The Budget session that will begin on March 16 will go on till April 13. But the source insists the BJP hopes to see either a trust vote or the appropriation Bill defeated in the first week of the session itself, which ends on Friday, March 20.
Out of the 22 rebel MLAs, 13 have been issued notices by the Madhya Pradesh Assembly speaker N.P. Prajapati, asking them to present themselves. None of them has turned up. On Friday, it was speculated that 13 MLAs would take a flight back home via Delhi, which never happened. The plan is believed to have been dropped at the last minute.
Though everyone in the BJP insists that all the 22 MLAs (19 of whom are in Bengaluru) are staying voluntarily, the party doesn't appear keen to let them return to Madhya Pradesh for another week, lest they change their minds.

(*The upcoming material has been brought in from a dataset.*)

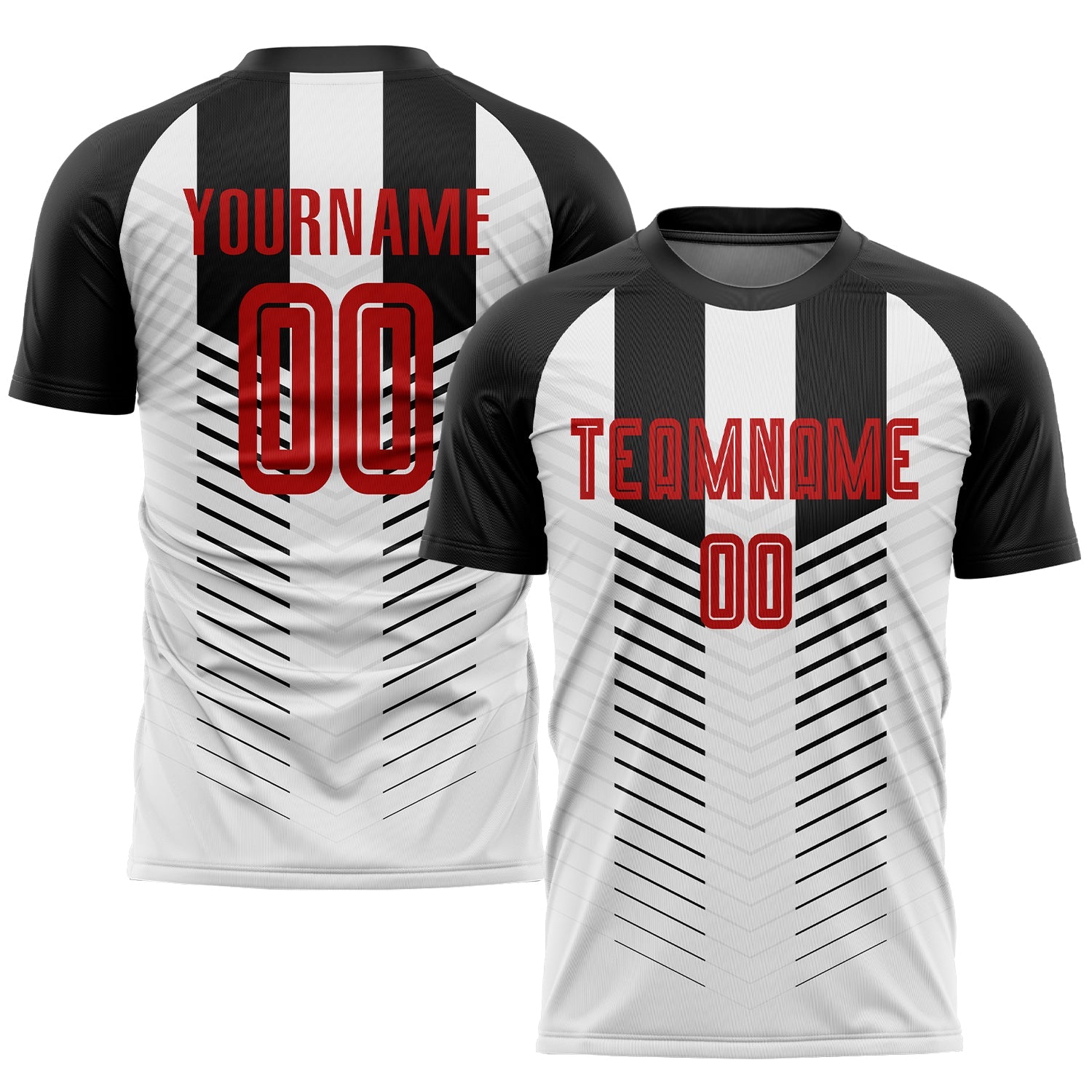Custom Black Red-White Sublimation Soccer Uniform Jersey - Main View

It all boils down to the numbers game which is way bigger than the Rajya Sabha election scheduled on March 26, where the voting is necessary.
In the MP assembly, two of the 230 seats are vacant, which brings the total count of MLAs to 228. Of these, 114 are from Congress, 107 from BJP, two from BSP, one from SP and four others are independents.
Given that the 22 Congress MLAs have resigned, the Congress has only 92 MLAs left. Even if the Congress manages the support of SP, BSP and 4 Independent MLAs, its MLA tally can only reach 99.
If all of the 22 rebel MLAs stay out on the day of the trust vote or appropriation bill, if and when, the House strength will come down to 206 instead of 228. That would effectively mean that the majority mark will also dip to 104. While the BJP hasn't lost any MLA, so far, keeping its number of MLAs 107 intact, the Congress tally will be 99, at best, and 92 at worst.
To keep the arithmetic work for the BJP, it is important that all the 22 MLAs stay out of Madhya Pradesh assembly on D-Day. "The best way to ensure that is to keep them away from the state. And let me tell you frankly, none of the 19 in Bengaluru is complaining," claims the BJP source.
Now, the Kamal Nath government needs to get the appropriation bill passed. If it fails to do so, the government automatically loses its legitimacy to carry on, says P.D.T. Achary, former Secretary General of the Lok Sabha. Otherwise the provision of bringing a no-confidence motion is always available to the BJP, which now has former Congressman Jyotiraditya Scindia by its side to amplify BJP's anti-Kamal Nath barbs outside the House.
The BJP hopes the litmus test of Kamal Nath government will be over by March 20.
The source insists that it's highly unlikely that the rebel MLAs would move back to Madhya Pradesh anytime before March 20.